Britain, of course, was another matter. I had worked for the British Council for some years and rubbed shoulders on a daily basis with the products of Eton and Harrow. Their condescension towards other Europeans was beyond satire, and in many ways it was clear they were never going to play a serious role in the European project. But no one saw terrorism allegedly inspired by religious beliefs as the upcoming danger to the European way of life.

In our own personal case, it had brushed against our lives often enough before Las Ramblas. My wife had spent her childhood near Nice, and for her the Promenade des Anglais was the scene of many happy childhood memories. We had met cartoonists from Charlie Hebdo, and we were no strangers to the Bataclan and the cafes of the 10th and 11th arrondisements in Paris. Soon after we came to live in Ireland in 2003, our Amsterdam neighbour and colleague Theo Van Gogh was murdered for making an allegedly "blasphemous" film about Islam with Ayaan Hirsi Ali. My wife often dined with her at the home of mutual friends, while heavily armed guards kept guard outside the Dutch suburban house.

Ultimately of course, this is not a coincidence. We, people like myself and my wife, are the target audience. There are millions of people like us, more or less privileged, more or less white, middle class and secular, who walk down the Ramblas, the Promenade des Anglais, and the Boulevard Voltairel, who enjoy and fully appreciate the freedom to live and work in whatever European city takes your fancy. For a brief window of time, this was something we took for granted. Now we have to think about it, and face some hard facts.

Firstly, some commentators refuse to face the fact that this is an enemy within – many of these people are born and raised at the heart of the European society, in the great cities of Paris and Brussels, but apparently feel no allegiance to it. We need to ask why. At best we suffer from complacency , at worse it is a case of the trahison des clercs. We have failed to sell the European idea sufficiently to people who don't see the value of it.
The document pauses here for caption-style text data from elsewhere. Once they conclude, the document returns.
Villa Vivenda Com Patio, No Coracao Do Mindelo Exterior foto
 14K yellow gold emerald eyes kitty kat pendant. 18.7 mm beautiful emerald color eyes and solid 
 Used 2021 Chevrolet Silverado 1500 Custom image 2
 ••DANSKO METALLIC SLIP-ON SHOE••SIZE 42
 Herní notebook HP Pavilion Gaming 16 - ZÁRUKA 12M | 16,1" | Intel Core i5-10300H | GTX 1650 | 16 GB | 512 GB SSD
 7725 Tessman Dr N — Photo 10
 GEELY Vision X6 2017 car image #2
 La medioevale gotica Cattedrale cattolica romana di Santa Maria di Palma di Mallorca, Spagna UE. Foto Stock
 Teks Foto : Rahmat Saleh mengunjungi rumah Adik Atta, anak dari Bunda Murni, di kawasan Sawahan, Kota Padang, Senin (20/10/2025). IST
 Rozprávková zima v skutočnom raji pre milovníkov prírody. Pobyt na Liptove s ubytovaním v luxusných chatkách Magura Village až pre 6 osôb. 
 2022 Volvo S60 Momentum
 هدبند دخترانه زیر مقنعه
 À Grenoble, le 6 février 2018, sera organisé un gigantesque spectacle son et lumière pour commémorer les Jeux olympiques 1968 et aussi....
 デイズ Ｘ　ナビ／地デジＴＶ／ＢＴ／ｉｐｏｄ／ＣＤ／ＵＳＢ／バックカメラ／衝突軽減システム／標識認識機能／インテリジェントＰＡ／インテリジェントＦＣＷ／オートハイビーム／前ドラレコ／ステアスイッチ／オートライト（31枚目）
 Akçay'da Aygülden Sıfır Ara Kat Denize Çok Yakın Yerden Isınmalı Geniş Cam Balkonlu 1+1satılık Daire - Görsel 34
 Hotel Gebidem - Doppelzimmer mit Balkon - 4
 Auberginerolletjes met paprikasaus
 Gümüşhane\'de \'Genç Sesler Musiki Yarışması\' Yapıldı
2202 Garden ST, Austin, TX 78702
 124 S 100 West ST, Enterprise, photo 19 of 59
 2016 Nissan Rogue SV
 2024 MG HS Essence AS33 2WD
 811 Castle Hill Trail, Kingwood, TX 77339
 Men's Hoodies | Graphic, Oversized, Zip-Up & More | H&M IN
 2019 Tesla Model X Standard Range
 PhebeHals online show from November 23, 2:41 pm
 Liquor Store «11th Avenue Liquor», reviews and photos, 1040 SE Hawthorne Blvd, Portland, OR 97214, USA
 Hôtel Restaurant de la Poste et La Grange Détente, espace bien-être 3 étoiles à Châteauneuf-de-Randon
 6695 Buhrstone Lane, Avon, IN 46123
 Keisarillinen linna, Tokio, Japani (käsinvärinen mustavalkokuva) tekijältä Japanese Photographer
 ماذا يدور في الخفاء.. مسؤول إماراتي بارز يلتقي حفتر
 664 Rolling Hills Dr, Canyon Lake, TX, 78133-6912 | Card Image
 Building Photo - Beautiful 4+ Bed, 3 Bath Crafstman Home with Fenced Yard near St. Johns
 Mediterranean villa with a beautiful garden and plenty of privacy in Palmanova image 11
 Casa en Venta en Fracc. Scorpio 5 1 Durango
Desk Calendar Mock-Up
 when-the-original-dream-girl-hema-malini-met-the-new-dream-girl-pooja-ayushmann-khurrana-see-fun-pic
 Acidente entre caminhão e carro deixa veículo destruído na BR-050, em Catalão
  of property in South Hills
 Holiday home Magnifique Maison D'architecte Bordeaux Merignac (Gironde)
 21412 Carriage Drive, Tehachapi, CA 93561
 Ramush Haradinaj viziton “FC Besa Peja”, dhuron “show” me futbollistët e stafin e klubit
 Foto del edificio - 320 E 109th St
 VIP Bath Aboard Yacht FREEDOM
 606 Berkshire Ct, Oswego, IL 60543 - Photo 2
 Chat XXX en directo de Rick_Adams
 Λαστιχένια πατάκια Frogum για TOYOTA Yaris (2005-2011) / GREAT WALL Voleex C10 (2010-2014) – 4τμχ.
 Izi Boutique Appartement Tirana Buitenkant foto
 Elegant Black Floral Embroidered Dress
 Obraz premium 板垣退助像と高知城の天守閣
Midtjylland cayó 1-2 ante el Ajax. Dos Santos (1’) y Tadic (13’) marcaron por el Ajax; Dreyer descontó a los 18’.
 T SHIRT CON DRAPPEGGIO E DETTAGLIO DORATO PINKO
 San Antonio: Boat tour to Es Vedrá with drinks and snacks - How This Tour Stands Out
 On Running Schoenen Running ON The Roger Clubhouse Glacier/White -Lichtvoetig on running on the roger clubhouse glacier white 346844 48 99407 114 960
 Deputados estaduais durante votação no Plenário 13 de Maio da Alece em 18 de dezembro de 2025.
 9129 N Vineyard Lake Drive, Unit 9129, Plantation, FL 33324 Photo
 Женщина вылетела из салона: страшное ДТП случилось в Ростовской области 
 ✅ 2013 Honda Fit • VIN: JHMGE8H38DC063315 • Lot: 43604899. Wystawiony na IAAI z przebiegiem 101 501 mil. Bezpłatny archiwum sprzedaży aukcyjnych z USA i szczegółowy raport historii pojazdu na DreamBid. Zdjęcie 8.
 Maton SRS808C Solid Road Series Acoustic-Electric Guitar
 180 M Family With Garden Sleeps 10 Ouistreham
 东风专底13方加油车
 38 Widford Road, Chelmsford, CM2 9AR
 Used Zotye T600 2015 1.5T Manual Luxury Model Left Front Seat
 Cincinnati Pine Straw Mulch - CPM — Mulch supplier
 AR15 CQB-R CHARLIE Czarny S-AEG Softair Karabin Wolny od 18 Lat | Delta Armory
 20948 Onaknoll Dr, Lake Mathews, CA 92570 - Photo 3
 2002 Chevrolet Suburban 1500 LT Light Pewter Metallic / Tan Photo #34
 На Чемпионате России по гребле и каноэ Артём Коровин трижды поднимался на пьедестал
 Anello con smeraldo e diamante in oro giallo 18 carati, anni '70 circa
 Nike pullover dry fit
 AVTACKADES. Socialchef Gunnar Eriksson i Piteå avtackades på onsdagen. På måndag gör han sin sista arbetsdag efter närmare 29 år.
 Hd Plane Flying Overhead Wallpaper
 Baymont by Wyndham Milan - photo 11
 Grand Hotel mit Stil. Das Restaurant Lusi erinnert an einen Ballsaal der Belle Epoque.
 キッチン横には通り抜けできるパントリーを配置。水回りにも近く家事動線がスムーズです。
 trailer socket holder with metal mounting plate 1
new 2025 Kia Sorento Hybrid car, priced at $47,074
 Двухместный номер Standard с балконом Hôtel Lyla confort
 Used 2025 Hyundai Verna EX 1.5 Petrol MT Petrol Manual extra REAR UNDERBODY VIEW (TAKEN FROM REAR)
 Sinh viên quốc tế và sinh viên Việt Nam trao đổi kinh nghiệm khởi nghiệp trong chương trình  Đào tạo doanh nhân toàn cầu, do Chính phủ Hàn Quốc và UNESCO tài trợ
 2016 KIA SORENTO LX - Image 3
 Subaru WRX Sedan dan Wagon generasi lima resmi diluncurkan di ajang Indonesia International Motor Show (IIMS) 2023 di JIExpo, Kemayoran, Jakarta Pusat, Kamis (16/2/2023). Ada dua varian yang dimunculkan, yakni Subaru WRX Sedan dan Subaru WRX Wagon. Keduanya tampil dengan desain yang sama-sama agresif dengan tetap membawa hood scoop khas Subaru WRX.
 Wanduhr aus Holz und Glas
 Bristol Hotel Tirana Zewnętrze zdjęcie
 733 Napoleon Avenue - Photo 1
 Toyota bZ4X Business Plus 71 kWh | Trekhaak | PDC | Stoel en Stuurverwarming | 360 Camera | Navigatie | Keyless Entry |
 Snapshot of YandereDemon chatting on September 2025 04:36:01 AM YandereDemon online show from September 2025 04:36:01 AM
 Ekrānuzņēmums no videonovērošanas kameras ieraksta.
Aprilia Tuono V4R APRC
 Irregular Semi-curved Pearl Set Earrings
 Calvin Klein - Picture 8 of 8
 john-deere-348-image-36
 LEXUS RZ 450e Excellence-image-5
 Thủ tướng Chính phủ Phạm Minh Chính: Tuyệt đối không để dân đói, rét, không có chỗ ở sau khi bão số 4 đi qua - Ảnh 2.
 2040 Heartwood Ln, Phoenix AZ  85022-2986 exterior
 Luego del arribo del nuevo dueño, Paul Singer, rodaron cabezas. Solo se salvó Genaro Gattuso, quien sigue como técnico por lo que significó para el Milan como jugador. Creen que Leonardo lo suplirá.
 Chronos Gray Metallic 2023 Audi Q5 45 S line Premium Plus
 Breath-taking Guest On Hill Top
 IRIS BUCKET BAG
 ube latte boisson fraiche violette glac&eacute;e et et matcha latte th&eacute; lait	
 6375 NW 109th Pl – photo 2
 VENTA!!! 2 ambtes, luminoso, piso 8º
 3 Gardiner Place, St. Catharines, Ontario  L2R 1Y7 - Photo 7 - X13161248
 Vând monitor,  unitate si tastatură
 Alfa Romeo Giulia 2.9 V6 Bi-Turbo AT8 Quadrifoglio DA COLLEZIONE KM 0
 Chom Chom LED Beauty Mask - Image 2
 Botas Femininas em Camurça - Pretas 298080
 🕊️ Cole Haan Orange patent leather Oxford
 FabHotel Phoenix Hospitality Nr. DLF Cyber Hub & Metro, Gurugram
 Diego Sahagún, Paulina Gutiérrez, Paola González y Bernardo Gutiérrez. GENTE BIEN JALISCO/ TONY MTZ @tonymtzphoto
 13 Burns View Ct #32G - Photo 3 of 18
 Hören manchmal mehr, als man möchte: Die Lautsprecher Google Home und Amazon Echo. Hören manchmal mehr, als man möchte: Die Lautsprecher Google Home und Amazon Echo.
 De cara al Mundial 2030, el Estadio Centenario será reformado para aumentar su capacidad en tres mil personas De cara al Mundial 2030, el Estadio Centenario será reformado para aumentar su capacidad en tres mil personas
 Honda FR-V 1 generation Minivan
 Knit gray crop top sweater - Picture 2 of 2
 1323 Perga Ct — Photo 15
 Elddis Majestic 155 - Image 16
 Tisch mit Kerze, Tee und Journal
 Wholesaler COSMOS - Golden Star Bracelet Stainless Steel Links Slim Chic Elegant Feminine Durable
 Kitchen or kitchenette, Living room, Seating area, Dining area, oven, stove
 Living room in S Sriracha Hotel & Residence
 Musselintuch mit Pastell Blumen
Witness the dismal and reprehensible failure of the English left to persuade their voters to vote in their own self-interest.

The culture war

So what should we do? A few years ago I was teaching a group of teachers from the various European countries. After some talk, I realised that this disparate group of Germans, French, Italians, Austrians and myself all had one thing in common: we all had grandfathers and great grandfathers who had fought and in some cases died in the first World War. And it gave us a special feeling to have this shared history, the difference in the colour of the uniforms fading away. We could congratulate ourselves for being the first generation of Europeans in a long time who would live their lives untouched by war. We were wrong. The kulturkampf – the “culture war” – of free ideas in a secular society against the tyranny of religion, which would define modern Europe, started in the 1840s. It is time to recognise that that particular war is not over yet. And it is one we need to keep fighting if Europe is is to survive.